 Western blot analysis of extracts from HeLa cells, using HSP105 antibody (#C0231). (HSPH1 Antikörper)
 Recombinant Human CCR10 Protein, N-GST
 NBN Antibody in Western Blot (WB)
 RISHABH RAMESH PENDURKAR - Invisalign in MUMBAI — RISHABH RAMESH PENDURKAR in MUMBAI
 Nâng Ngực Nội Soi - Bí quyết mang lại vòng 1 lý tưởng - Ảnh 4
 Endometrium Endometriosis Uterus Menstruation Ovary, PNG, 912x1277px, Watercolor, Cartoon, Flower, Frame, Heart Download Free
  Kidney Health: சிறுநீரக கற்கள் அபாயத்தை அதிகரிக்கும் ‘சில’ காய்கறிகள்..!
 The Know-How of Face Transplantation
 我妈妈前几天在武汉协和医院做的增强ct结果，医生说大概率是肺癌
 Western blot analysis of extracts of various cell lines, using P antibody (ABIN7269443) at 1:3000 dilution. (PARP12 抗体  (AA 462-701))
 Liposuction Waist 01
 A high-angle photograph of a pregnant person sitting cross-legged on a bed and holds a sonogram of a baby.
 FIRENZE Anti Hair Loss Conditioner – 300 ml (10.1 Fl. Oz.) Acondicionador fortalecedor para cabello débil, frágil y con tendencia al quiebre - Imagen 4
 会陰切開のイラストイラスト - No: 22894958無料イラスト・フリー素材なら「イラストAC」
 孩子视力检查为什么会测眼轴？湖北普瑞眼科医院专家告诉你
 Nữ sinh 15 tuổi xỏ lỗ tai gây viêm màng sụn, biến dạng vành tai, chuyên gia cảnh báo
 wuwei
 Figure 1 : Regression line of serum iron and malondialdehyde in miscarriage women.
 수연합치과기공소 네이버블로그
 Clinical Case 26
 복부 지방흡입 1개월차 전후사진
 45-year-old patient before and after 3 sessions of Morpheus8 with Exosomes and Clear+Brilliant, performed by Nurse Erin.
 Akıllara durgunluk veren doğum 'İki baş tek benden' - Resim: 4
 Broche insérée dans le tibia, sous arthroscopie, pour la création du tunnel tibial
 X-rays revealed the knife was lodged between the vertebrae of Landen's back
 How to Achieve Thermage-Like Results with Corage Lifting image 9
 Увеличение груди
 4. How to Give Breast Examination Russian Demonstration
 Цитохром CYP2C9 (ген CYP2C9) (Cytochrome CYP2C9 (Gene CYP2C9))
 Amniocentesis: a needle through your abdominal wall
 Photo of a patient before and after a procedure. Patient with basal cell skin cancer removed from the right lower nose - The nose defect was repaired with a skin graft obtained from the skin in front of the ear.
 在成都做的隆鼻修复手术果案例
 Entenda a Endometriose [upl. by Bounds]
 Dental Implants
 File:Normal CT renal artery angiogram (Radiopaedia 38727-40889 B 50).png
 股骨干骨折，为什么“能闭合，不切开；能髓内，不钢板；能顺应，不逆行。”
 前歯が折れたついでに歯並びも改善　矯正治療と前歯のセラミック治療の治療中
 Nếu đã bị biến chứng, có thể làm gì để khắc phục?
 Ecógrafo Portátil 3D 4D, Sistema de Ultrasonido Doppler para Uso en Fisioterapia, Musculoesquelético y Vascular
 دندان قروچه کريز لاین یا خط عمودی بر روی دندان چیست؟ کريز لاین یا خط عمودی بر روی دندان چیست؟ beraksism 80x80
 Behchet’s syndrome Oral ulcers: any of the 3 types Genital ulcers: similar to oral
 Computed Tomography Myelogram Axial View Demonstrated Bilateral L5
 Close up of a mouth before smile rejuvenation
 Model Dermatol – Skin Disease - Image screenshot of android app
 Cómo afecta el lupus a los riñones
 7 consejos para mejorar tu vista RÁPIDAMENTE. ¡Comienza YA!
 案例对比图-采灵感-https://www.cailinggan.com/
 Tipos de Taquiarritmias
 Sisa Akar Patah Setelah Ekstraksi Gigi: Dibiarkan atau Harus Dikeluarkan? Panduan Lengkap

▸ **Problem requirements**:
Your answer must consist solely of the lines above between the line holding "Western blot analysis of extracts of" and the line holding "孩子视力检查为什么会测眼轴？湖北普瑞眼科医院专家告诉你", inclusive, copied exactly.

▸ **Output**:
 Western blot analysis of extracts of various cell lines, using P antibody (ABIN7269443) at 1:3000 dilution. (PARP12 抗体  (AA 462-701))
 Liposuction Waist 01
 A high-angle photograph of a pregnant person sitting cross-legged on a bed and holds a sonogram of a baby.
 FIRENZE Anti Hair Loss Conditioner – 300 ml (10.1 Fl. Oz.) Acondicionador fortalecedor para cabello débil, frágil y con tendencia al quiebre - Imagen 4
 会陰切開のイラストイラスト - No: 22894958無料イラスト・フリー素材なら「イラストAC」
 孩子视力检查为什么会测眼轴？湖北普瑞眼科医院专家告诉你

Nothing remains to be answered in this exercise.